Thanks for the help, Greg - my reaction SMARTS are now behaving themselves! I
must confess, I had not actually realised that the documentation from install
(ie the 'Book') was different to the 'Getting Started' one that I had linked
from the website.
Kind regards,
James
-----Original Message-----
From: Greg Landrum [mailto:greg.land...@gmail.com]
Sent: Fri 04/06/2010 05:13
To: James Davidson
Cc: rdkit-discuss@lists.sourceforge.net
Subject: Re: [Rdkit-discuss] A couple of questions regarding ReactionFromSmarts
Dear James,
On Thu, Jun 3, 2010 at 7:51 PM, James Davidson <j.david...@vernalis.com> wrote:
>
> First of all, I'd like to start by saying how much I've been enjoying
> exploring the functionality of RDKit - great job, Greg!
Thanks!
> I have a couple of questions regarding
> 'rdkit.Chem.AllChem.ReactionFromSmarts':
>
> (1) I see that the reaction objects can be created from MDL Reaction
> Files/Blocks - is there a way to do the reverse, and save a reaction object
> in MDL .rxn format? I tried using investigating the rxn.ToBinary()
> attribute, but didn't get very far... The reason I wanted to do this, is
> that I was trying to figure-out how to generate a form of the reaction
> object (generated from reaction SMARTS) that was suitable for converting
> into a 2D depiction of the transformation.
At the moment the reactions are essentially input-only. There's really
no way to get them out in any format that could be used elsewhere.
This is a sadly missing feature: it would be really nice to be able to
generate either .rxn files (or at least reaction smarts) from
reactions. I will add a feature request for this, but it may take a
while to happen.[1]
A workaround that kind of works is to paste the reaction smarts into
something like Marvin Sketch. It will normally display something that
at least gives some idea of what the reaction is.
> (2) I know that reaction SMARTS isn't SMIRKS, but I have noticed some
> behaviour that I would not expect - however, this could be down to my
> SMARTS-naivety; my SMIRKS-naivety; or both!

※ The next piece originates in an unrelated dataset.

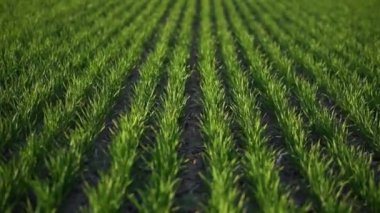 Yeşil buğday tarlası. Tarım endüstrisi. Güzel kırsal alan.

Anytime reactions behave in ways you don't expect, it's probably best
to just blame me for coming up with yet another way of expressing them
that is slightly incompatible with the existing ones. :-)
> I initially tried the
> following:
>
> from rdkit import Chem
> from rdkit.Chem import AllChem
> rxn_smarts =
> '[!#1:1]-[NH:2]-[C:3](=[O:4])-[C,c:5]>>[!#1:1]-[C:3](=[O:4])-[NH:2]-[C,c:5]'
> sm = Chem.MolFromSmiles('CC(=O)NC')
> rxn = AllChem.ReactionFromSmarts(rxn_smarts)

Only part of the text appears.